Pub Date: March 14th, 1979
Publisher: Harper & Row

Maling's stockbroker-detective series is strong on financial shenanigans, and so is this swift London/Holland suspense. But more important, it features a hero who's tough enough to fend for himself and vulnerable enough to care about--John Cochran, an ex-U.S. Treasury agent who became an England-to-Europe money smuggler after the trauma that left him penniless, jobless, and guilt-ridden in London: he spirited his little daughter away from his cruel ex-wife, only for the girl to die of meningitis (was it his fault?). And now John has new problems, though he's unaware of how serious they are. He's been hired to smuggle a wimpy English aristocrat's dwindled fortune to Switzerland--that much Cochran knows, and it won't be easy, considering the bulk of the cash. What he doesn't know is that the aristocrat's faded family lawyer has also hired a psychopathic thug to ambush Cochran in Holland and steal the cash for the lawyer's own benefit.
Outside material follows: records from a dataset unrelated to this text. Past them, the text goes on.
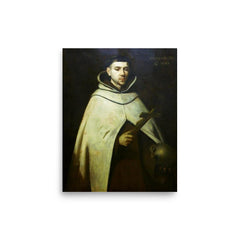 Saint John of the Cross poster on a plain backdrop in size 8"x10".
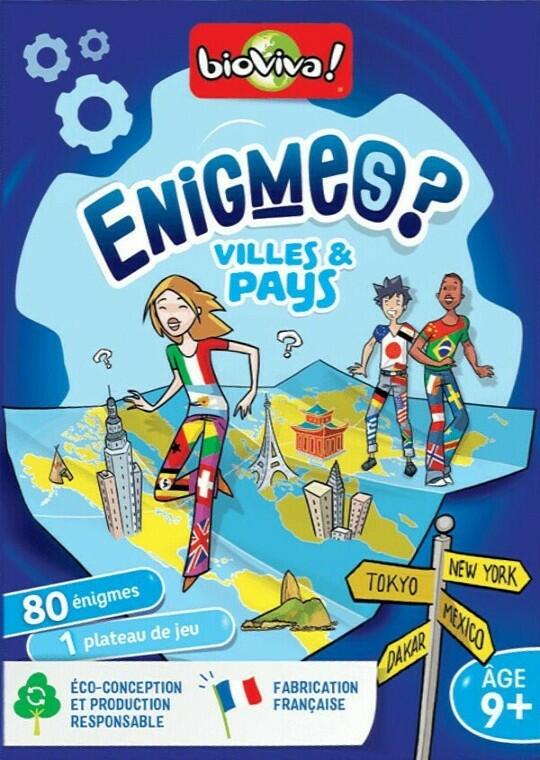 Énigmes ? Villes & Pays Cover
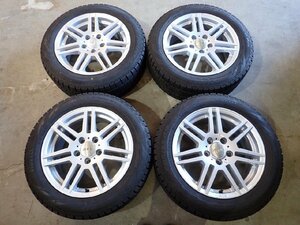 YS2750【送料無料205/55R16】W204 Cクラスなどに ATS 中古社外アルミホイール付き スタッドス ▼16×7J 112/5H ET43▼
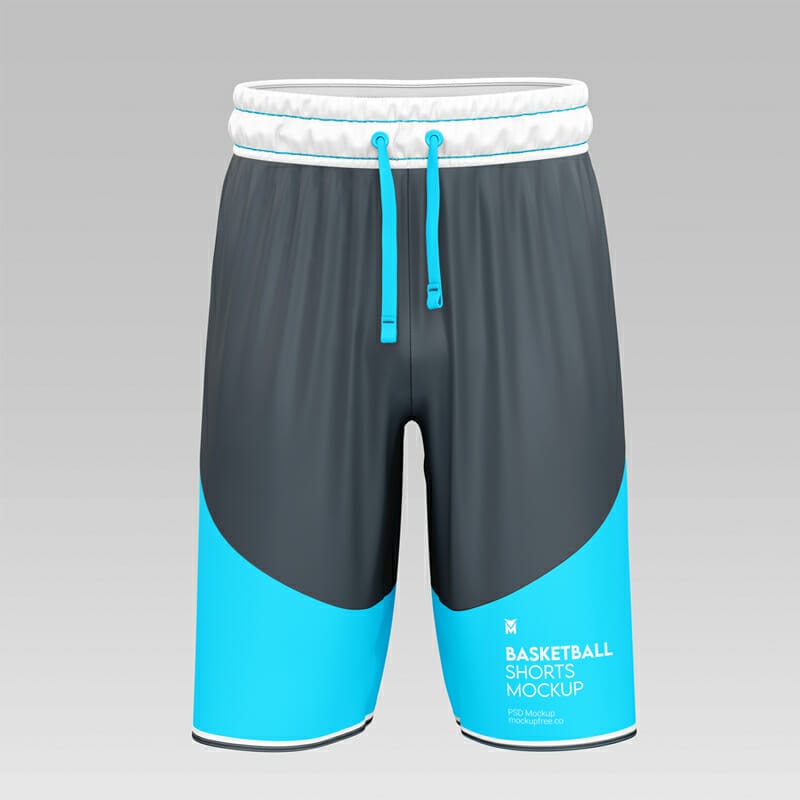Free Basketball Shorts Mockup PSD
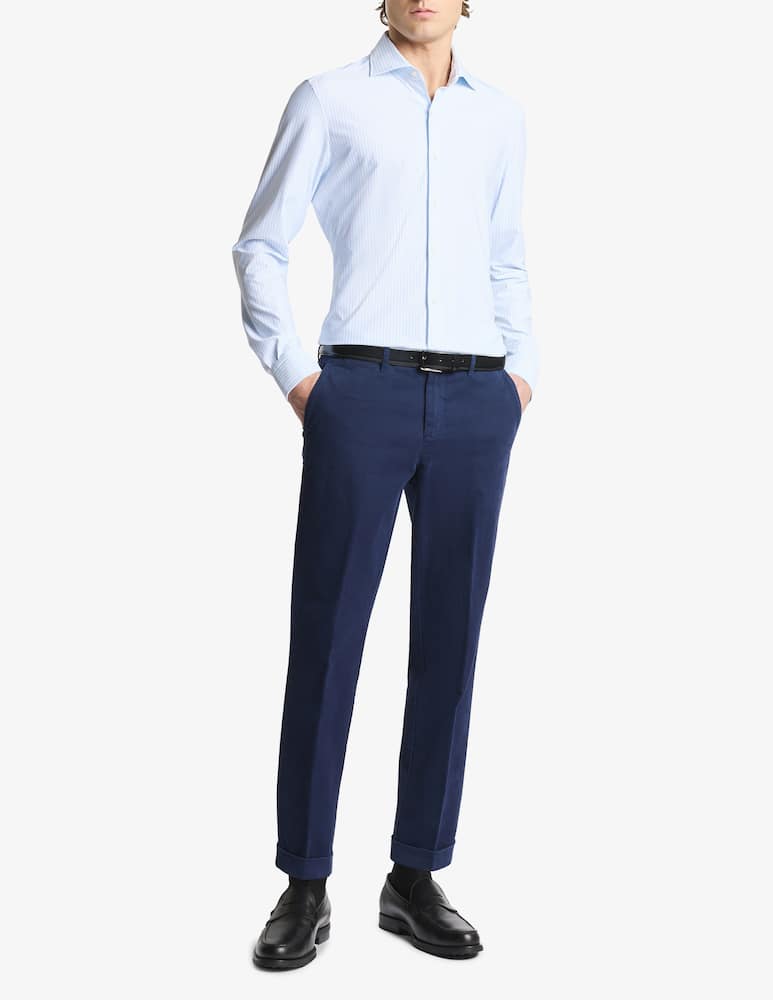 Fay Regular fit striped stretch shirt - picture 2 Fay Regular fit striped stretch shirt - picture 2
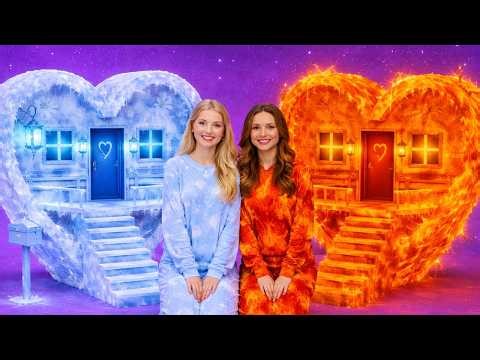 FIRE VS ICE! 🔥❄️ Extreme Room Makeover Challenge And Decor Hacks by 123 GO! GOLD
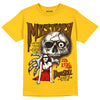 Yellow Sneakers DopeSkill Gold T-shirt Mystery Ghostly Grasp Graphic Streetwear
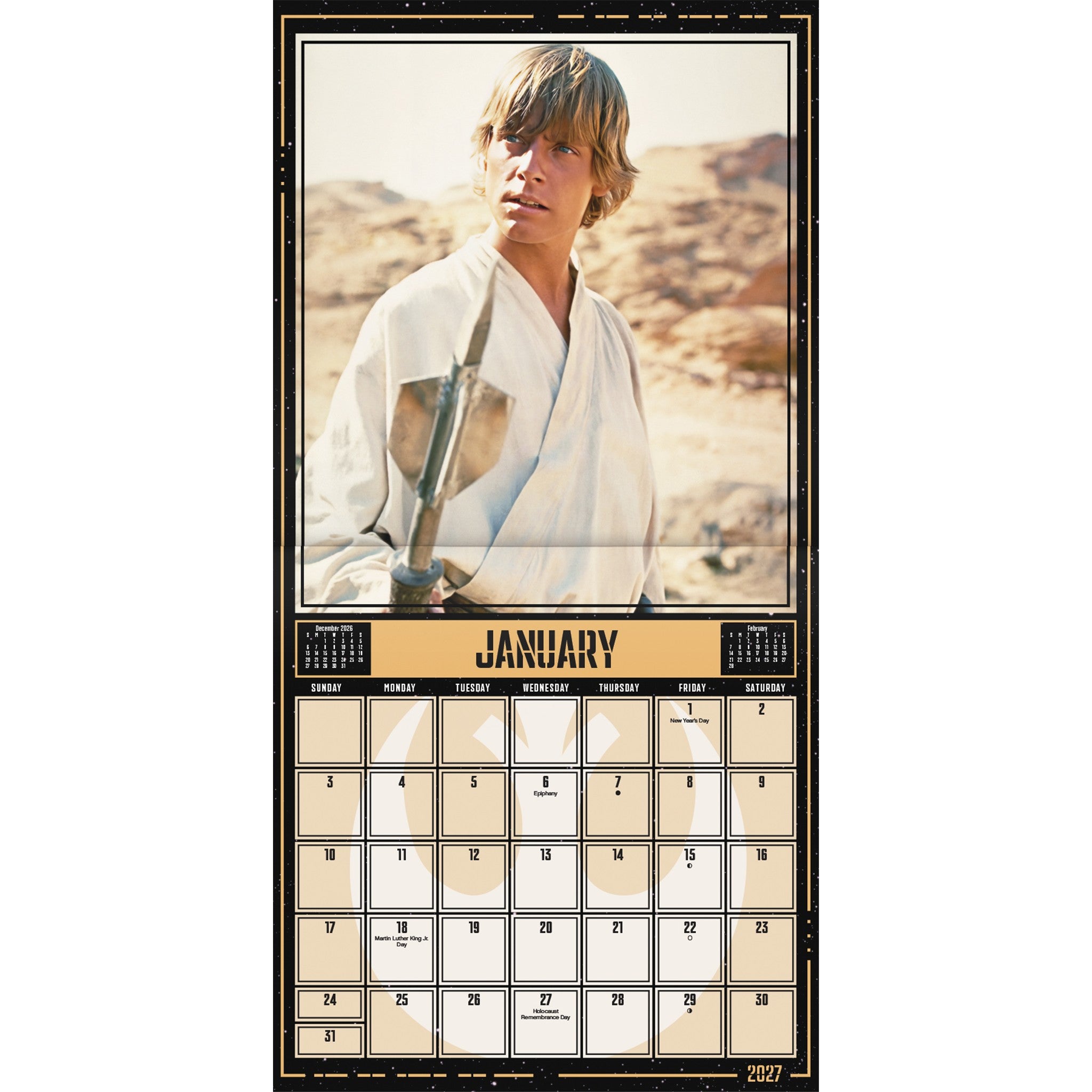 Star Wars Exclusive with Print 2027 Wall Calendar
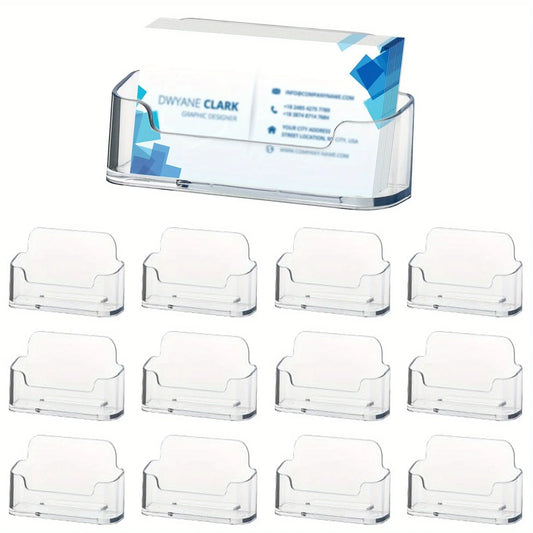Clear Acrylic Business Card Holders for Desk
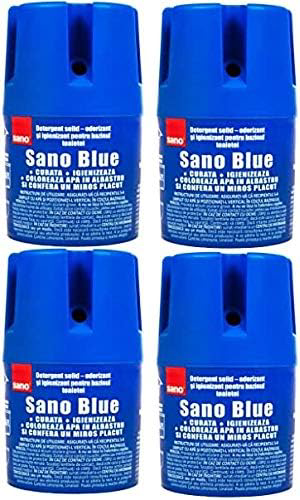 Sano Blue Water Toilet Bowl Cleaner Long Lasting Air Freshener WC Tablet Pack o - Afbeelding 1 van 4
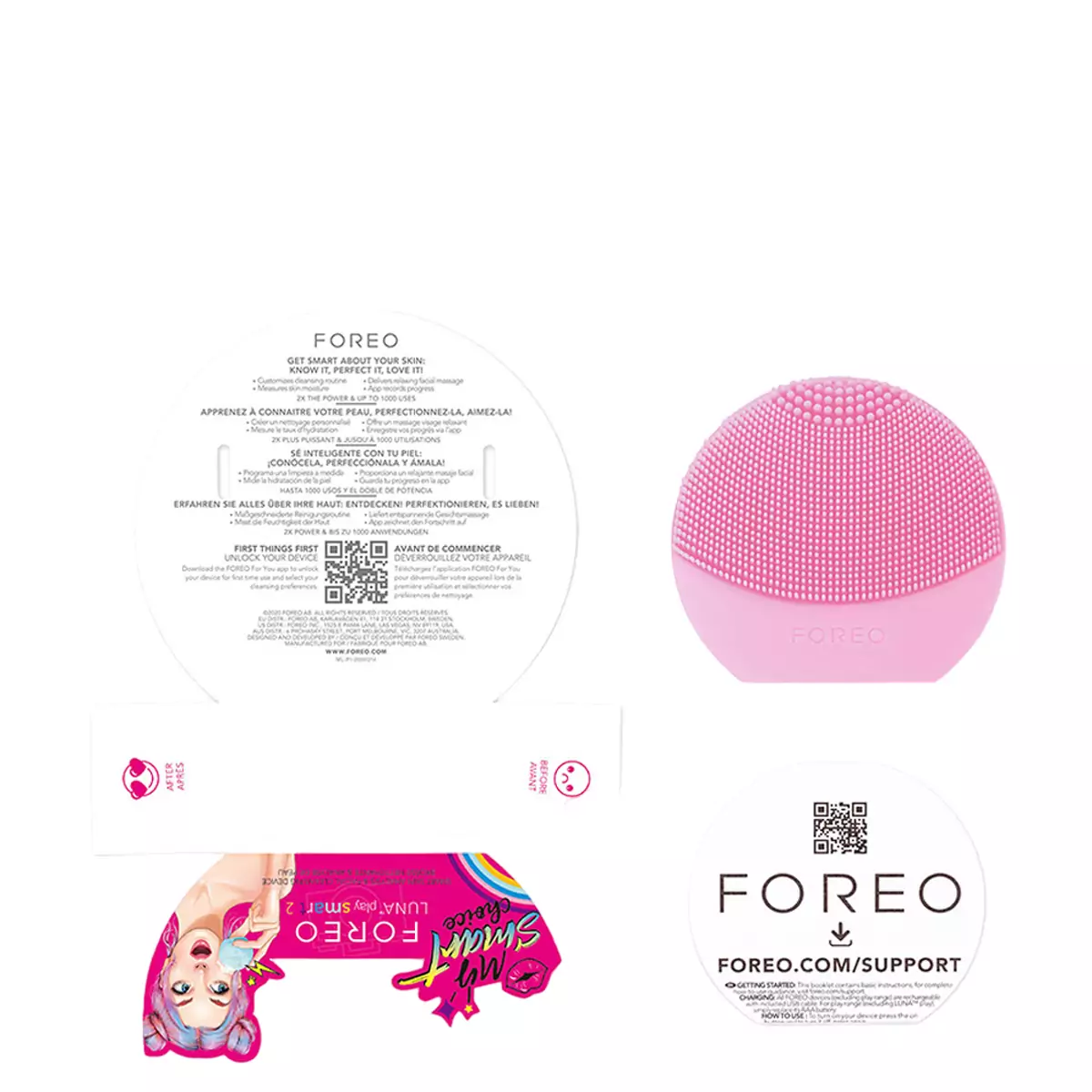 Інтелектуальний пристрій для очищення обличчя Foreo LUNA play smart 2 Tickle Me Pink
While Cochran prepares for the boat run to the Hook of Holland and finally meets a woman who might be able to rehabilitate him, we watch the psychopath--a truly terrifying, xenophobic Irish bisexual with a knife who makes a dry run and kills a shouting woman while stealing a getaway car in Switzerland; he doesn't realize she's just telling him to observe the ""Rauchen Verboten"" (No Smoking) sign. And all the principals converge on the scenic bridges of Amsterdam, where the lawyer kills the aristocrat, the psychopath kills the lawyer, and Cochran escapes alive enough to consider starting life over at 40. Tautly plotted, distinctively populated, convincingly romantic--perfect material for a Hitchcock film or an all-in-one-sitting late-night read.